Pourtant, sur le papier, cette suite de « Basic Instinct » pouvait donner quelque chose d’intéressant, car elle avait une bonne idée. Une idée qui pouvait construire un film excellent et surtout terriblement ambigu. Cette idée, c’est de faire confronter l’esprit de Catherine Tramell, non pas à un flic, mais à un psychiatre (imaginez ce que l’idée aurait pu donner écrite et filmée par Cronenberg). Mais voilà, là encore le film est un échec, car il ne fait que suggérer l’idée et là encore, le film joue sur la provocation sexuelle sans fond. Catherine Tramell est « bonne », elle le sait, et forcément, le psy devient débile à la vue du personnage. (Et ce n’est pas le twist final ridicule qui va être capable de remettre en cause l’histoire). Car oui, si le film passe complétement à côté du personnage de Catherine Tramell, il ne s’arrête pas là, et peint des personnages faussement troubles et surtout tous plus débiles les uns que les autres. La palme revient à celui de Charlotte Rampling qui n’a absolument aucun sens à la fin.

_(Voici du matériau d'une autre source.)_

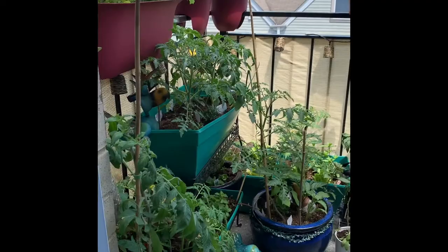Happy Sunday everyone! We are in — we just finished the first full week of June. Our garden is looking amazing, so I'm going to come out here and show you guys what we're growing and how everything looks. I'll do another update maybe in a month or a few weeks to show how things keep progressing.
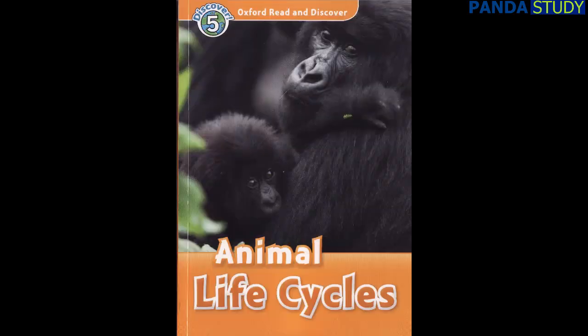Oxford Read and Discover Level 5: Animal Life Cycles by Rachel Bladen. Read by Laurel Lefkoe. Published and copyright Oxford University Press 2010.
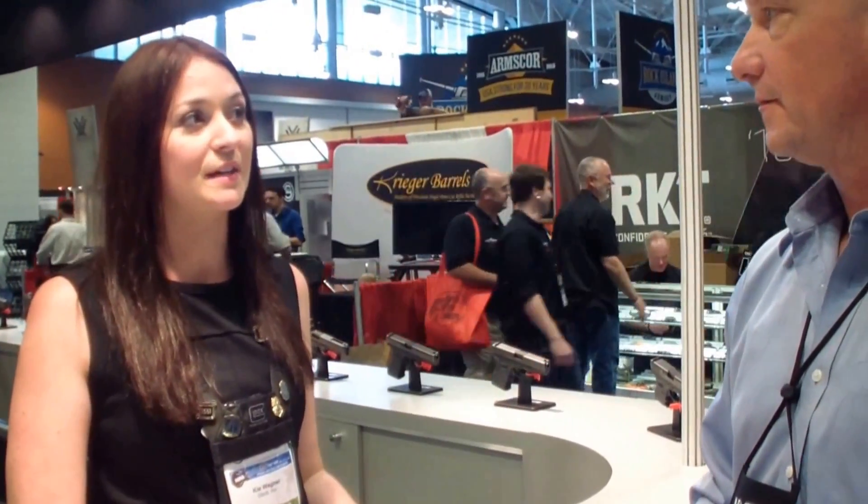We're at the 2015 Annual NRA Convention and I'm here with Kai with Glock Products, and we're going to talk about the newly released Glock 43. It actually hasn't been released yet, has it? It actually has — it has officially launched. It's being shipped as we speak, so it should be showing up in stores in the next week or so.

Ce film est un cas d’école. C’est une leçon de tout ce qu’il faut éviter de faire. Et oui, il ne suffit pas de mettre Sharon Stone dans la peau de Catherine Tramell pour que ça fonctionne et réitérer le succès. D’ailleurs, la pauvre Sharon Stone, qui avait une assez belle carrière intéressante, s’est descendue elle-même entre ça et le « Catwoman » de Pitof.